Der digitale Wandel kann nur gelingen, wenn er von Frauen und Männern gemeinsam gestaltet wird. Doch in der Digitalbranche sind nur 16 Prozent der Beschäftigten weiblich. Apps, Mikrochips und andere technische Neuerungen werden fast nur von Männern entwickelt - eine weibliche Sicht bleibt damit außen vor. Deshalb muss sich die Arbeits- und Unternehmenskultur in der Digitalwirtschaft verändern: hin zu mehr Vielfalt. Bei Mädchen und jungen Frauen muss zudem das Interesse für Berufe in diesem Bereich geweckt, ihnen der Einstieg erleichtert und gleiche Aufstiegschancen müssen ihnen ermöglicht werden.
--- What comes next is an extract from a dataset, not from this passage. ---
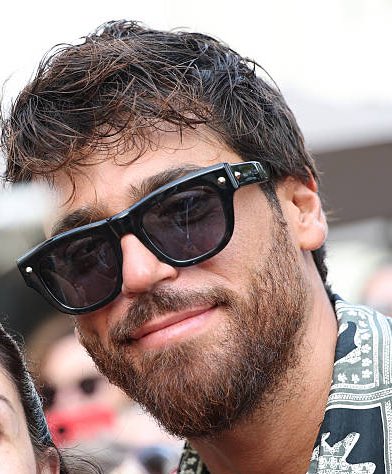 Günaydın 🌏!
La vida tiene todos esos giros y vueltas. Tienes q agarrarte fuerte y listo. Vamos a x el sábado. Feliz día 😊😍😘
Die Sachverständigenkommission empfiehlt, schon frühzeitig den Weg für Mädchen und Frauen zu ebnen, später in IT-Unternehmen einzusteigen, eine Ausbildung in klassisch naturwissenschaftlich-technischen Berufen zu machen oder Informatik zu studieren.
Deshalb fördert das Bundesgleichstellungsministerium die "Initiative Klischeefrei" und Projekte wie den "Girls’Day" oder "YouCodeGirls", die Mädchen und junge Frauen dazu ermutigen, ihre Berufswahl frei von Geschlechterklischees zu treffen.
Wer in der Digitalbranche ein eigenes Unternehmen gründet, bestimmt mit, welche Innovationen auf den Markt kommen. Hinter 70 Prozent aller Gründungen in diesem Wirtschaftsbereich stehen jedoch reine Männerteams. Das hängt vor allem mit alten Rollenbildern zusammen oder der mangelnden Vereinbarkeit von Familie und Beruf. Damit mehr Frauen in der Digitalbranche gründen, braucht es eine bessere Unterstützung. Die Sachverständigenkommission hält folgende Punkte für entscheidend: Frauen müssen einen besseren Zugang zu Kapital bekommen, das sie für die Gründung benötigen, und weibliche Vorbilder müssen in der Öffentlichkeit präsenter werden.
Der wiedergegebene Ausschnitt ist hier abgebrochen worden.